The fact is, depending on your needs, you will need to sacrifice something to reach a scale needed by some systems and to minimize down time. It's a trade-off. And any distributed database will have real-world weaknesses.

1 comments

> There are very strong CAP systems

There are not strong CAP systems -- that is the whole point of the CAP theorem. It's impossible. Am I misunderstanding you?

No, zookeeper doesn't do magic. It does, however, create a large enough value for P to be lost that it can be thought of as CAP; The number of failures required is high enough that, in normal use and sane configurations, you won't partition.
P (partition tolerance) refers to network partitions.

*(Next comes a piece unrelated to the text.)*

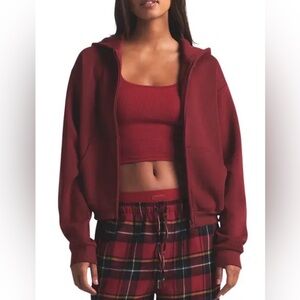 BNWT SKIMS Cotton Fleece Classic Zip Up Hoodie XS Merlot Retail $94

There's nothing a distributed system can do to prevent network partitions; they're a property of the network. The question is, in the face of partitions, what does the software do? It basically has two options:

* Respond to requests, even though it may not have the most up to date information. I.e., it sacrifices consistency. These are AP systems.

* Not respond to requests, in which case it sacrifices availability. These are CP systems, of which ZK is one.

In particular with ZK, if you lose quorum (i.e., the cluster has fewer than (n + 1) / 2 active nodes where n is the cluster size) the cluster (or partition thereof) will become unavailable in order to avoid sacrificing consistency.

So it should be called the CA theorem, right? You can't choose partition-intolerance.
Non-distributed databases (like postgres) are sometimes considered to be CA. But I think it's clear that CA doesn't make sense in a distributed system.